With pictures left out, output exactly the lines of the listing below from the line that has "Preview: Orange and" to the line that has "Hồng leo ngoại Souer Emmanuelle", both lines kept.
(Beginning of Data extracts)
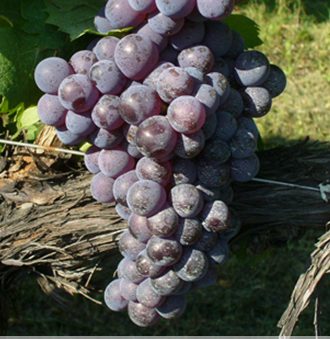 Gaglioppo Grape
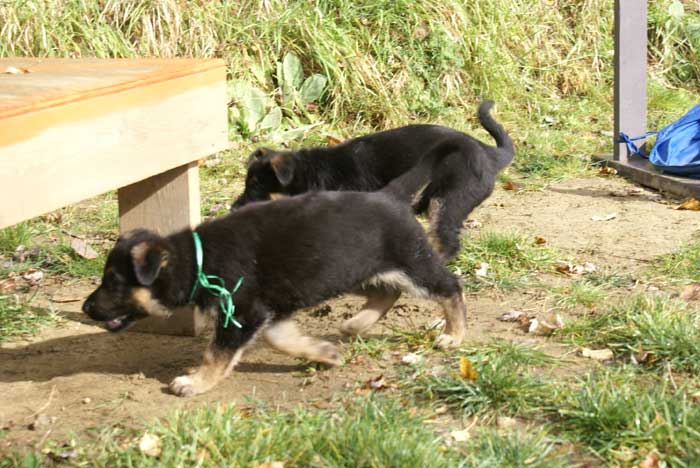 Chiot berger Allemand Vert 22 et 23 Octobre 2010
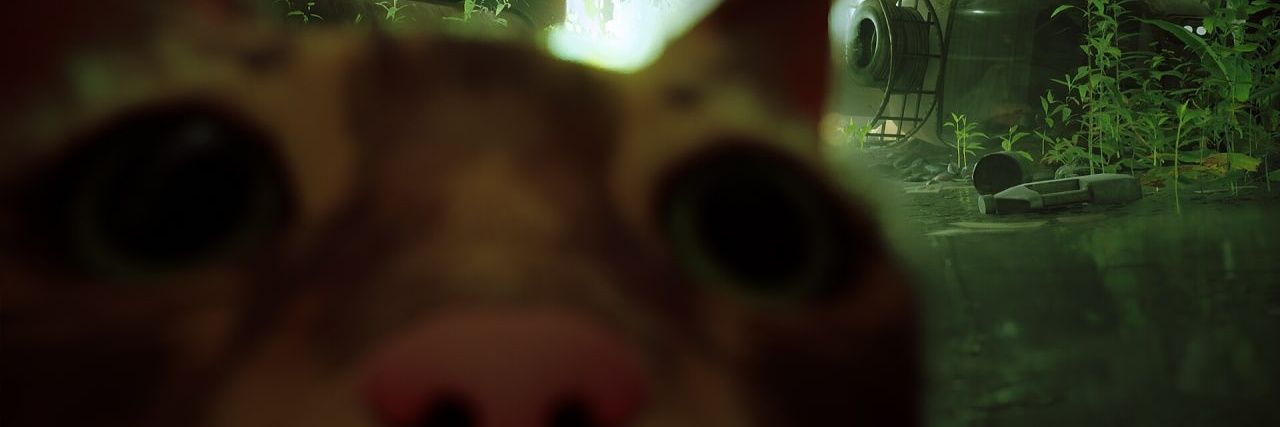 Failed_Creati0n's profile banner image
(End of Data extracts)
(Beginning of Data extracts)
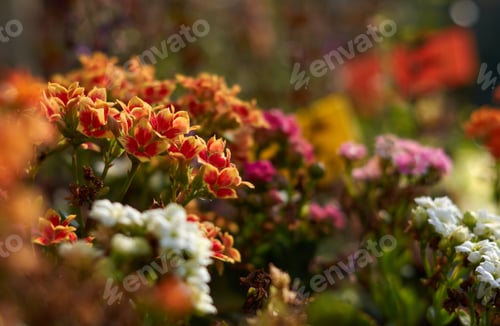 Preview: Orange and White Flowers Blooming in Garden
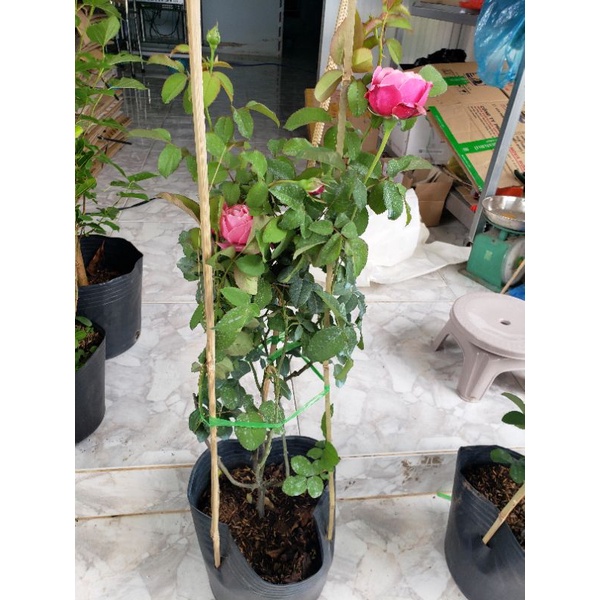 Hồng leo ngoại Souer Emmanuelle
(End of Data extracts)
Written answer →
 Preview: Orange and White Flowers Blooming in Garden
 Hồng leo ngoại Souer Emmanuelle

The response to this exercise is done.